▶ _DATASET EXTRACT_
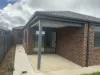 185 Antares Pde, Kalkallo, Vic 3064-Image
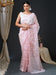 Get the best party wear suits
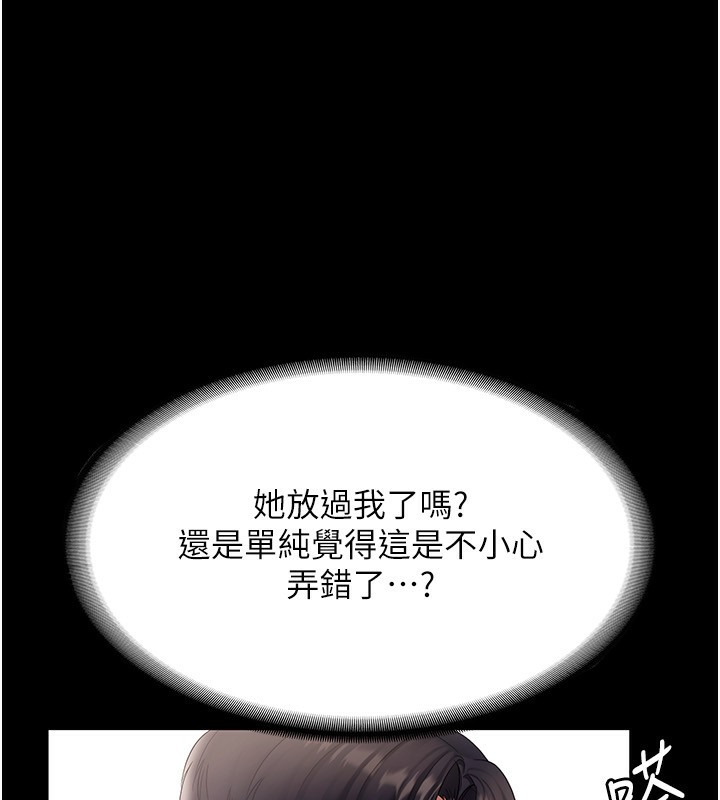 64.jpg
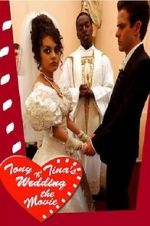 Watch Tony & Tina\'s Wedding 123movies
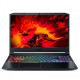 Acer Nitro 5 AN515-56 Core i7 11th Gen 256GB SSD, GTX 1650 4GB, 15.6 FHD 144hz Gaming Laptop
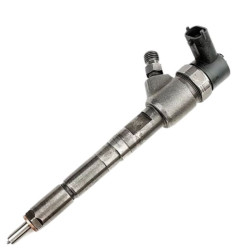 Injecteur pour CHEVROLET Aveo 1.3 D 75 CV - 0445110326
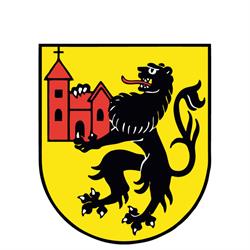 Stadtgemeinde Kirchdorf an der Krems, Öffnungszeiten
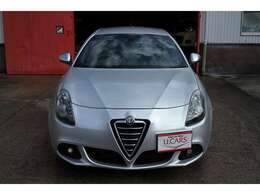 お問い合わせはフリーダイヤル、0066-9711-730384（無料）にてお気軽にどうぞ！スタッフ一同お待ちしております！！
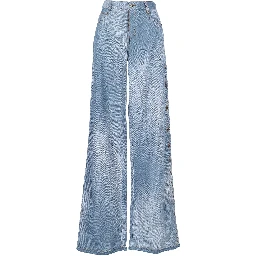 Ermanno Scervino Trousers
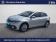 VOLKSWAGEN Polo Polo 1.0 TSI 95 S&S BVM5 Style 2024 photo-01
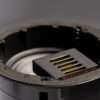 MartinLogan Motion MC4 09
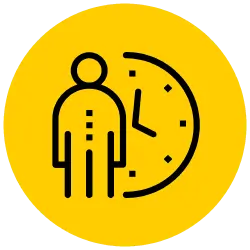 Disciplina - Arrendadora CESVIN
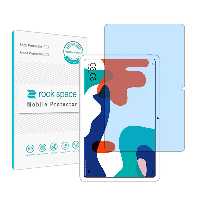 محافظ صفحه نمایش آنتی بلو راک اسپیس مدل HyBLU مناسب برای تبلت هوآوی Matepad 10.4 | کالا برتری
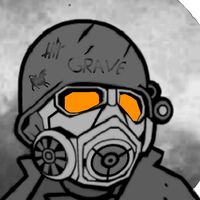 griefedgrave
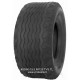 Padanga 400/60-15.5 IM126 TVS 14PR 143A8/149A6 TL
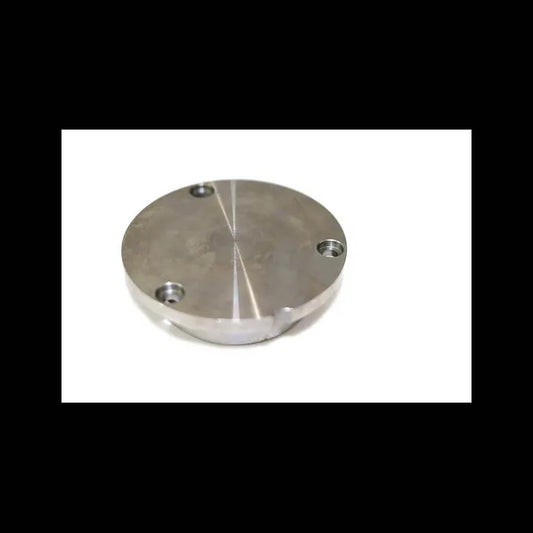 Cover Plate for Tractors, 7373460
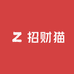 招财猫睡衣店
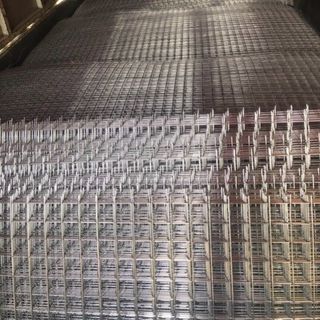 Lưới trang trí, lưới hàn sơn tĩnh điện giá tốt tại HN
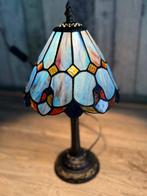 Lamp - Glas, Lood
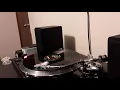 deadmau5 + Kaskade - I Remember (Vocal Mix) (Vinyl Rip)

* * *

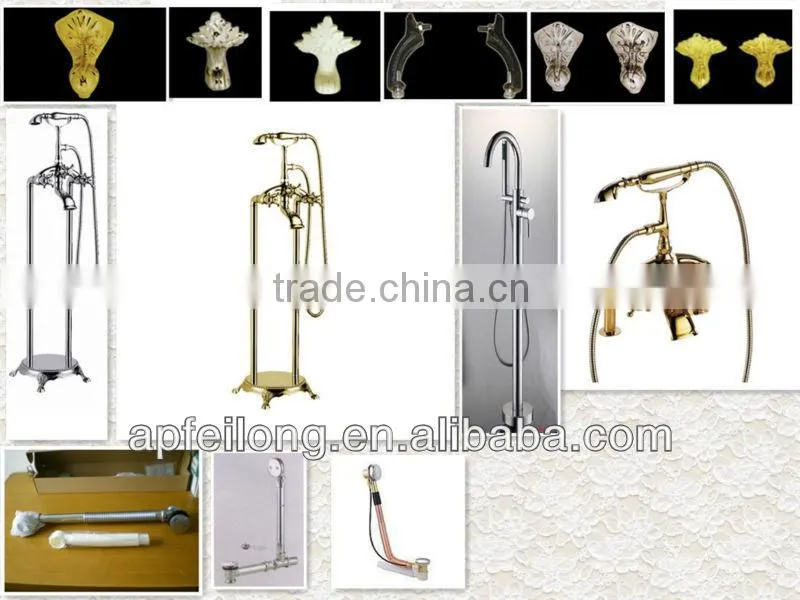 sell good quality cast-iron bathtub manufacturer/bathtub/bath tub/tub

--

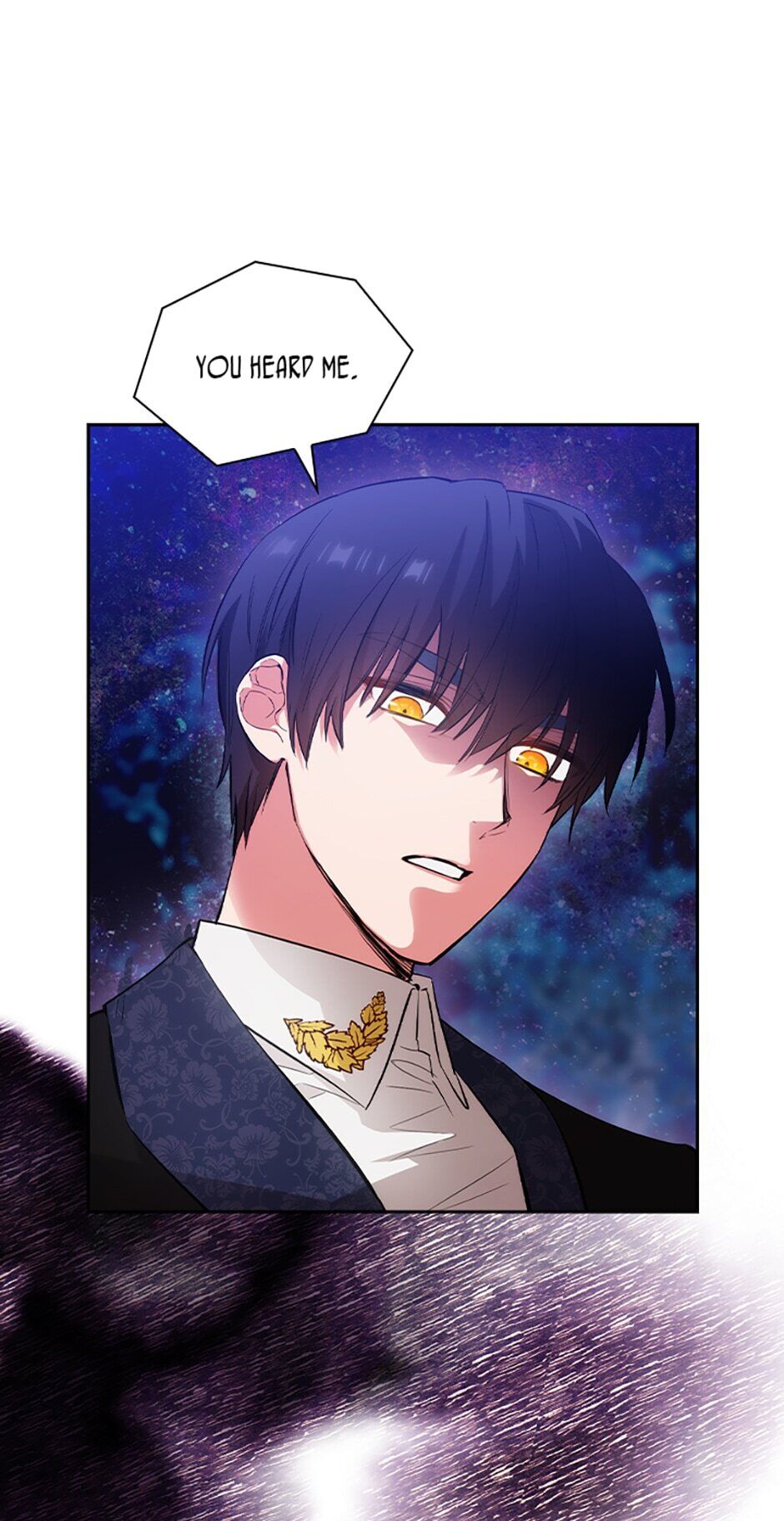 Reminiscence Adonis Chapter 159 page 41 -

▶ _DIRECTIONS_
Reproduce the data above exactly, but only the lines from the one showing "Stadtgemeinde Kirchdorf an" through the one showing "deadmau5 + Kaskade", with both ends kept and the pictures left out.

▶ _RESPONSE AREA_
 Stadtgemeinde Kirchdorf an der Krems, Öffnungszeiten
 お問い合わせはフリーダイヤル、0066-9711-730384（無料）にてお気軽にどうぞ！スタッフ一同お待ちしております！！
 Ermanno Scervino Trousers
 VOLKSWAGEN Polo Polo 1.0 TSI 95 S&S BVM5 Style 2024 photo-01
 MartinLogan Motion MC4 09
 Disciplina - Arrendadora CESVIN
 محافظ صفحه نمایش آنتی بلو راک اسپیس مدل HyBLU مناسب برای تبلت هوآوی Matepad 10.4 | کالا برتری
 griefedgrave
 Padanga 400/60-15.5 IM126 TVS 14PR 143A8/149A6 TL
 Cover Plate for Tractors, 7373460
 招财猫睡衣店
 Lưới trang trí, lưới hàn sơn tĩnh điện giá tốt tại HN
 Lamp - Glas, Lood
 deadmau5 + Kaskade - I Remember (Vocal Mix) (Vinyl Rip)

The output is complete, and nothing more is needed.